I Want Your (Anonymized) Social Media Data

Many scholars depend on data from social media to gain insights into human nature.


Social media sites’ responses to the Facebook-Cambridge Analytica scandal and new European privacy regulations have given users much more control over who can access their data, and for what purposes. To me, as a social media user, these are positive developments: It’s scary to think what these platforms could do with the troves of data available about me. But as a researcher, increased restrictions on data sharing worry me.

I am among the many scholars who depend on data from social media to gain insights into people’s actions. In a rush to protect individuals’ privacy, I worry that an unintended casualty could be knowledge about human nature. My most recent work, for example, analyzes feelings people express on Twitter to explain why the stock market fluctuates so much over the course of a single day. There are applications well beyond finance. Other scholars have studied mass transit rider satisfactionemergency alert systems’ function during natural disasters and how online interactions influence people’s desire to lead healthy lifestyles.

This poses a dilemma – not just for me personally, but for society as a whole. Most people don’t want social media platforms to share or sell their personal information, unless specifically authorized by the individual user. But as members of a collective society, it’s useful to understand the social forces at work influencing everyday life and long-term trends. Before the recent crises, Facebook and other companies had already been making it hard for legitimate researchers to use their data, including by making it more difficult and more expensive to download and access data for analysis. The renewed public pressure for privacy means it’s likely to get even tougher.

Using Social Media Data in Research

It’s definitely alarming to consider the prospect that people or companies might analyze my data and find ways to influence me to make decisions I might not otherwise – or that are even counter to my own best interests. I need think only of the number of times I’ve seen a TV ad for pizza during a sporting event and ordered a pizza.

That’s the point of marketing, of course – but social media is different because the information is about me specifically. And using that information can affect much more than what food I buy, such as whom I vote for. However, as a researcher in finance, I also recognize that the same data can be used to help us understand collective behaviors that are otherwise impossible to explain.

Some of my research, for example, explores short-term trends in stock prices. Financial experts have found that over the long term, a company’s stock prices are driven by the firm’s future value. Yet over the course of any single day, stock prices can vary widely. Many finance researchers and financial analysts will tell you that these movements are meaningless noise, seemingly random pieces of information about companies influencing investors’ perceptions and causing stock prices to vary constantly.

But by analyzing social media data, I can actually understand what that noise is, where it comes from and what it means. For instance, what people write on Twitter about the new iPhone will affect Apple’s stock price, sometimes within minutes – but even over the course of days. The speed of the effect depends on the importance or prominence of the person sending the tweet, as well as how quickly others – including the media – pick up the message.

Results from my research can help investors fine-tune when and how they enter the market. If, for example, social media users believe that the newest iPhone will not be as good as expected, investors might hold off on their investment in Apple stock. That could free them up to invest in something else with better buzz, in hopes of higher returns.

Anonymizing Data

It’s true – and concerning – that some presumably unethical people have tried to use social media data for their own benefit. But the data are not the actual problem, and cutting researchers’ access to data is not the solution. Doing so would also deprive society of the benefits of social media analysis.
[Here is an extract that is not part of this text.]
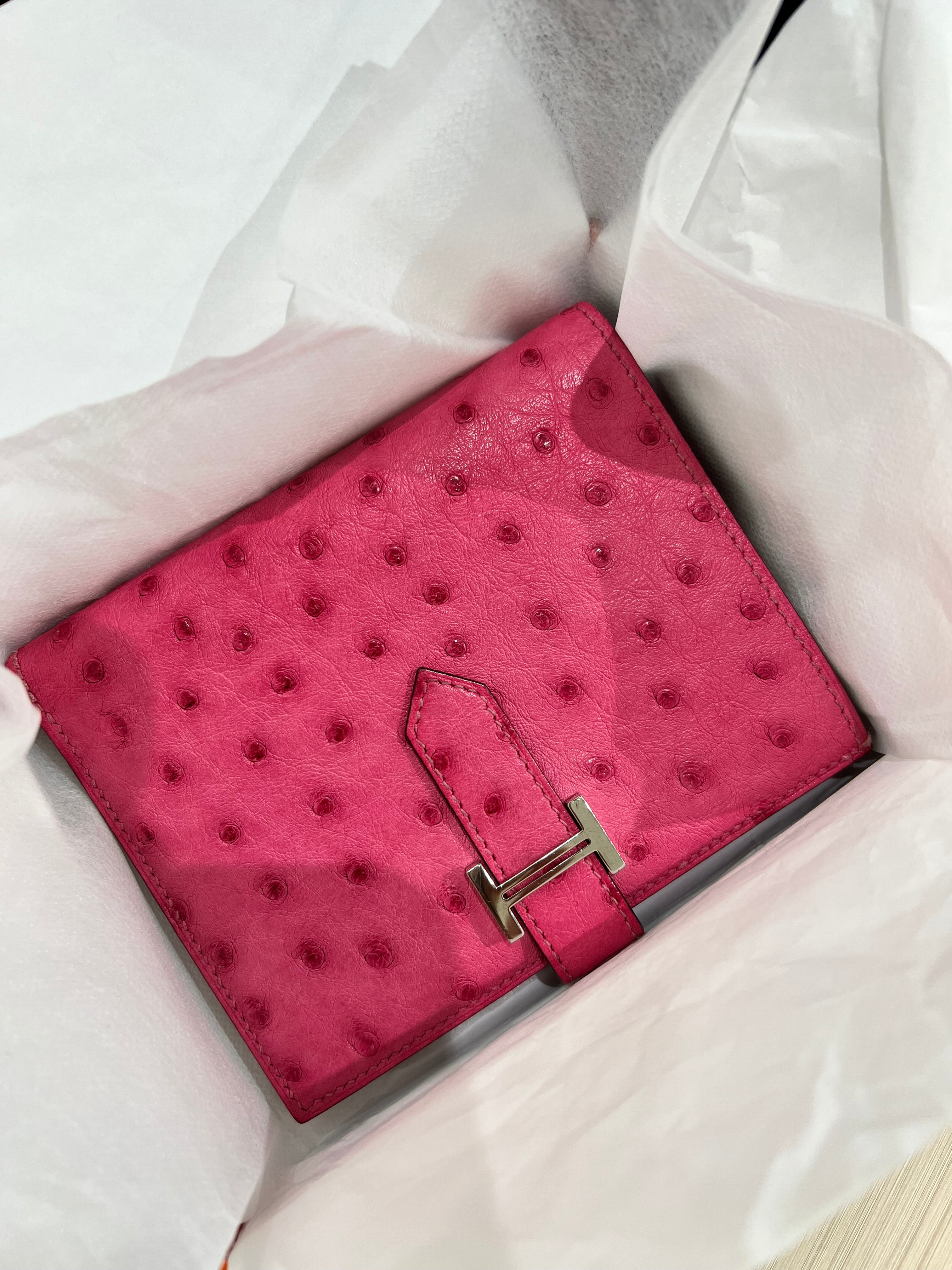 HERMES ROSE TYRIEN OSTRICH BEARN COMPACT WALLET SYC1955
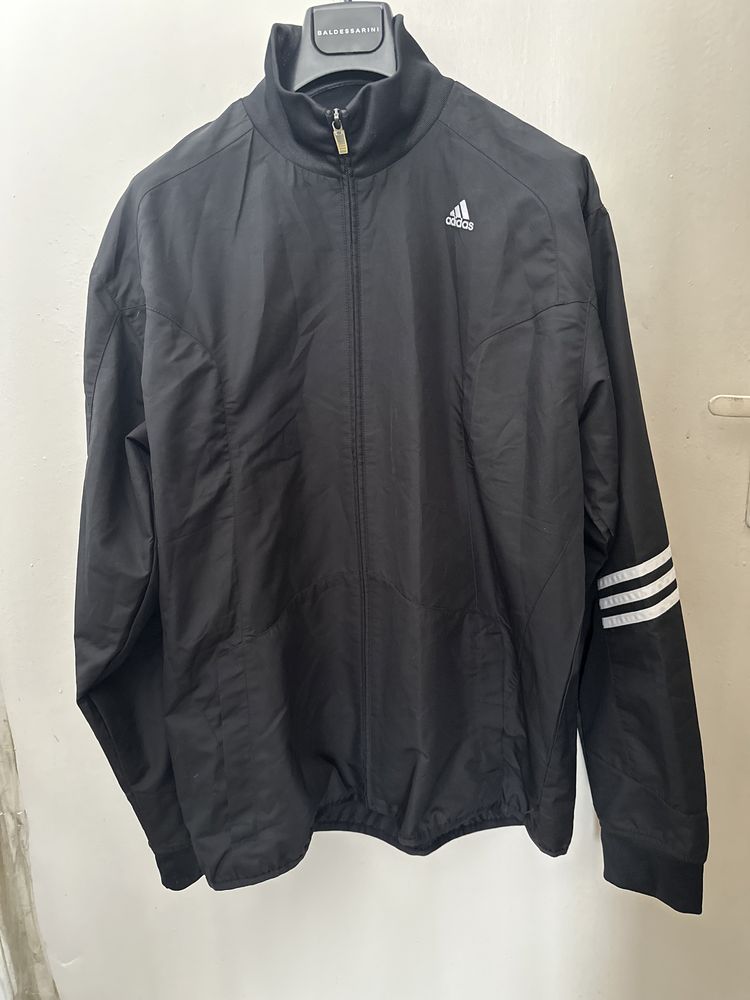 Яке Adidas ново XL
Fortunately, there is a way to resolve this dilemma. Anonymization of data can keep people’s individual privacy intact, while giving researchers access to collective data that can yield important insights.

There’s even a strong model for how to strike that balance efficiently: the U.S. Census Bureau. For decades, that government agency has collected extremely personal data from households all across the country: ages, employment status, income levels, Social Security numbers and political affiliations. The results it publishes are very rich, but also not traceable to any individual.

It often is technically possible to reverse anonymity protections on data, using multiple pieces of anonymized information to identify the person they all relate to. The Census Bureau takes steps to prevent this.

For instance, when members of the public access census data, the Census Bureau restricts information that is likely to identify specific individuals, such as reporting there is just one person in a community with a particularly high- or low-income level.

For researchers the process is somewhat different, but provides significant protections both in law and in practice. Scholars have to pass the Census Bureau’s vetting process to make sure they are legitimate, and must undergo training about what they can and cannot do with the data. The penalties for violating the rules include not only being barred from using census data in the future, but also civil fines and even criminal prosecution.

Even then, what researchers get comes without a name or Social Security number. Instead, the Census Bureau uses what it calls “protected identification keys,” a random number that replaces data that would allow researchers to identify individuals.

Each person’s data is labeled with his or her own identification key, allowing researchers to link information of different types. For instance, a researcher wanting to track how long it takes people to complete a college degree could follow individuals’ education levels over time, thanks to the identification keys.

Social media platforms could implement a similar anonymization process instead of increasing hurdles – and cost – to access their data. They could assign users identification numbers instead of sharing their real identities, and could agree to government regulations defining who could get access to what data, including real penalties for violating the rules. Then researchers could discover the insights offered by social media use, just like they do with census data, without threatening people’s privacy.